Metrics (numeric time-series like latency and error rate), logs (timestamped event records), and traces (the path of a request across services). Together they give breadth, detail and causality.

o11y is a numeronym for observability — the letter o, then 11 letters, then y. It's common shorthand in the SRE and platform-engineering community.

What is observability? Metrics, logs, traces & the o11y stack

Q: What is observability?

Observability is the ability to understand a system's internal state from the data it emits — metrics, logs and traces. Unlike traditional monitoring, which checks known failure modes, observability lets engineers ask new questions of a running system and debug problems they didn't predict.
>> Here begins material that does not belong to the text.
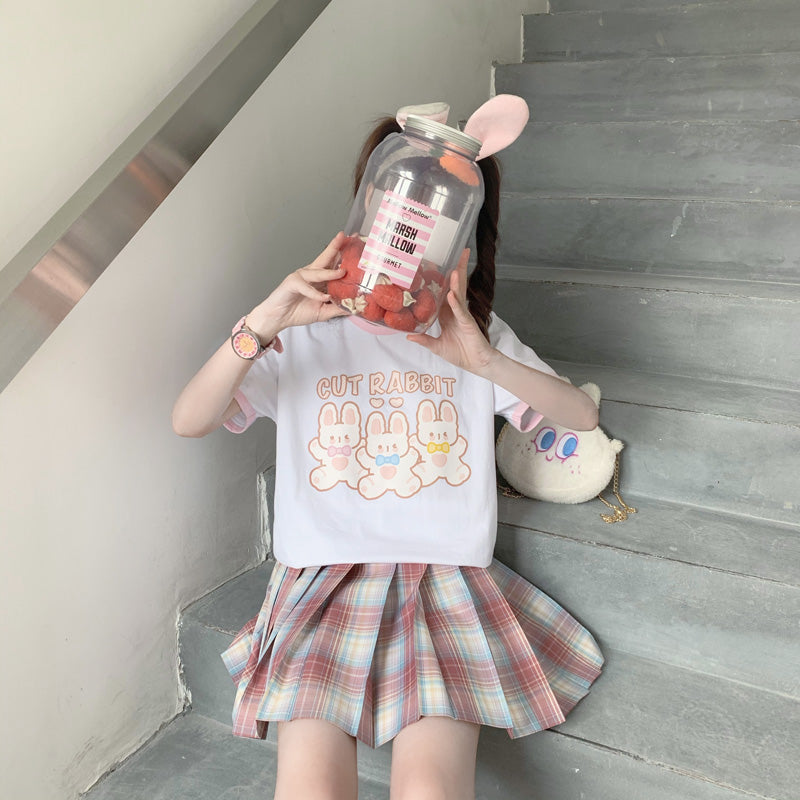 Rabbit Print Short Sleeve T-shirt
Observability vs. monitoring

Traditional monitoring answers questions you already knew to ask — "is CPU over 90%?", "is the site up?". Observability goes further: it lets you ask new questions of a live system and debug failures nobody predicted, without shipping new code to investigate. Monitoring tells you that something broke; observability helps you understand why.

The three pillars: metrics, logs & traces

Metrics — numeric time-series (latency, error rate, throughput, saturation). Cheap to store, great for dashboards and alerting.
Logs — timestamped records of discrete events. The detail you reach for once a metric tells you something is wrong.
Traces — the journey of a single request as it hops across services, so you can see where time and errors accumulate.

Increasingly these are joined by profiling (down to the line of code) and events, all correlated together.

The modern observability stack

The open ecosystem most teams build on:

OpenTelemetry (OTel) — the vendor-neutral standard for generating and exporting telemetry. The connective tissue of the whole stack.
Prometheus — the de-facto metrics database and query language (PromQL).
Grafana — visualisation and dashboards (plus Loki for logs, Tempo for traces).
ClickHouse — the columnar store increasingly powering high-volume telemetry backends.
eBPF — kernel-level instrumentation with near-zero overhead.

Who works on observability?

It's the daily work of Site Reliability Engineers (SRE) and platform engineers, and a core skill for backend and infrastructure teams. They own SLOs, instrumentation, incident response and the telemetry pipeline — keeping systems fast, reliable and debuggable as they scale.